3 At the habeas hearing, before habeas counsel asked Applicant about conversations Applicant had with his 1990 trial counsel, the following exchange occurred:

Q [Habeas Counsel]: Okay. Now, here is where only you can testify to this because you're the only one that was involved back in 1990 who is still here. You understand there is a different prosecuting attorney; I'm a different defense attorney. We weren't part of those negotiations. Okay. Do you understand that?
A [Applicant]: Yes, sir.

4 See Maddox v. State , 591 S.W.2d 898, 900 (Tex. Crim. App. 1979) (concluding from an examination of the Texas Legal Directory that an attorney named George I. Middaugh had a listed address in Cuero, DeWitt County).

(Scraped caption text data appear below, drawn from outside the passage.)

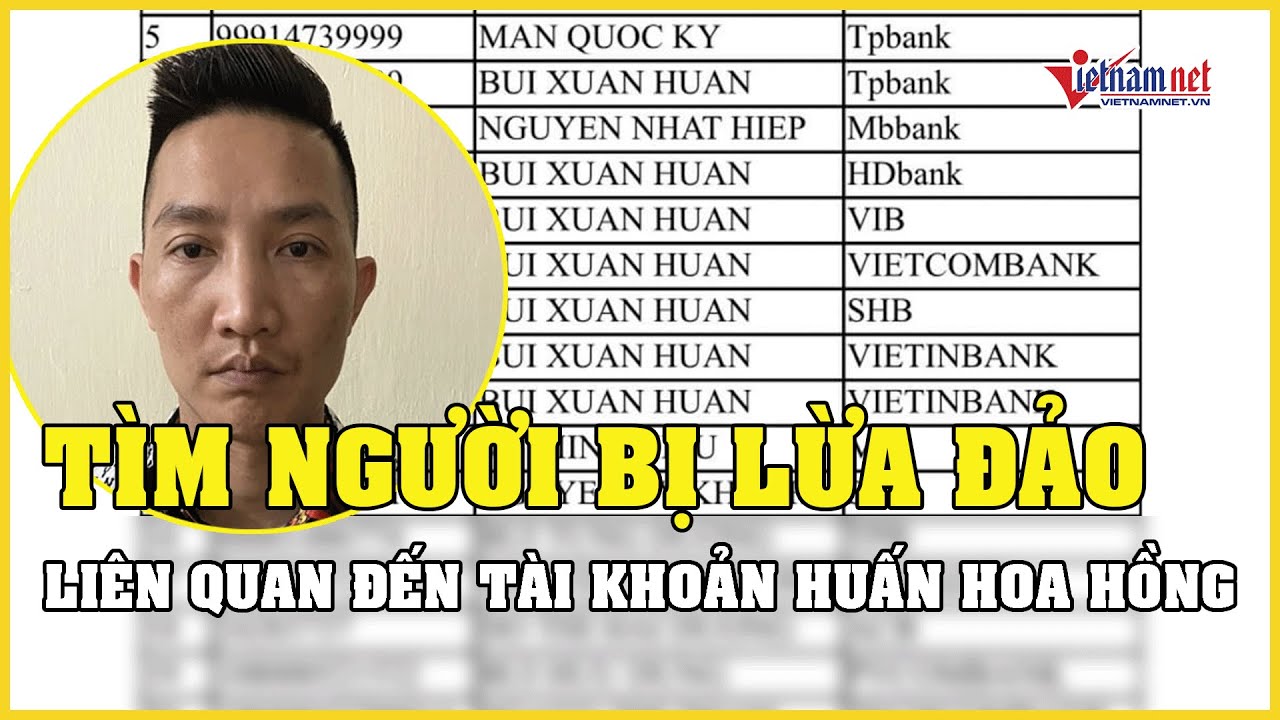 Công an Hà Nội tìm người bị lừa đảo vay tiền online liên quan đến tài khoản "Huấn Hoa Hồng"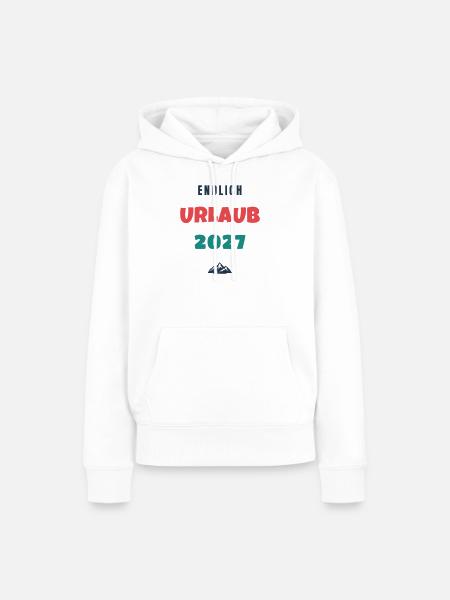 Endlich Urlaub 2027 Spruch Reise Geschenk - Frauen Premium Bio Hoodie - Weiß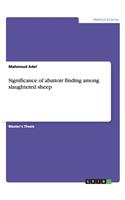 Significance of abattoir finding among slaughtered sheep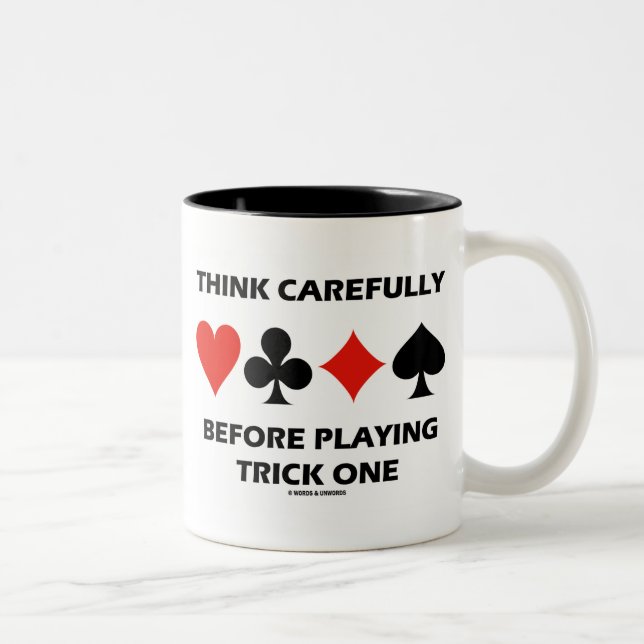 Think Carefully Before Playing Trick One (Bridge) Two-Tone Coffee Mug (Right)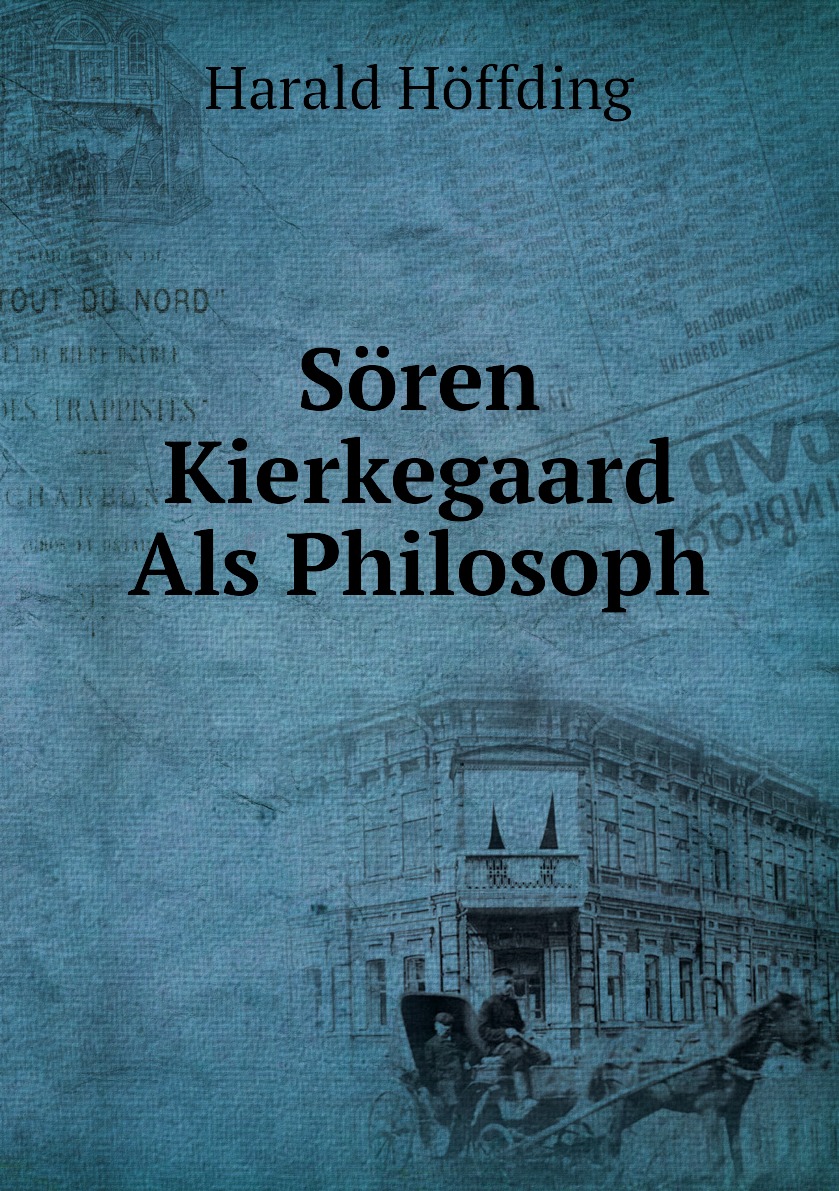 

Soren Kierkegaard Als Philosoph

5 Articles 1014 and 1015 of the 1895 Penal Code read:

Article 1014. If it be shown on the trial of a misdemeanor that the defendant has been once before convicted of the same offense, he shall, on a second conviction, receive double the punishment prescribed for such offense in ordinary cases, and upon a third, or any subsequent conviction for the same offense, the punishment shall be increased, so as not to exceed four times the penalty in ordinary cases.
Art. 1015. If it be shown, on the trial of a felony less than capital, that the defendant has been before convicted of the same offense, or one of the same nature, the punishment on such second or other subsequent conviction shall be the highest which is affixed to the commission of such offenses in ordinary cases.
P.C. arts. 1014 & 1015 (1895).

6 The requirement that a conviction must become final before it may be used as an enhancing conviction was not conceived through legislative enactment until 1974 for Section 12.42(d) (the habitual enhancement provision), and not until 2011 for Section 12.42(c) (the repeat-offender enhancement provision). See Act of May 24, 1973, 63rd Leg., R.S., ch. 399 § 1, sec. 12.42(d), 1973 Tex. Gen. Laws 883, 908 (showing enactment of the 1974 Penal Code); Act of May 25, 2011, 82nd Leg., R.S., ch. 834 § 3, sec. 12.42(c)(1), 2011 Tex. Gen. Laws 2104, 2105 (showing the 2011 amendment adding the finality of conviction language to Section 12.42(c) ). Nonetheless, this Court has read-despite the former absence of such language in the statute indicating this was the Legislature's intent-a finality requirement, through the statute's use of the word "conviction," for enhancement purposes. See Arbuckle v. State , 132 Tex.Crim. 371, 105 S.W.2d 219, 219 (Tex. Crim. App. 1937) ("Before a prior conviction may be relied on to enhance the punishment in a subsequent case such prior conviction must be final.") (citing Brittian v. State , 214 S.W.351, 352 (Tex. Crim. App. 1919) (holding that convictions used to enhance "must be legal[,] and finally dispose of the case under which such convictions were secured") ).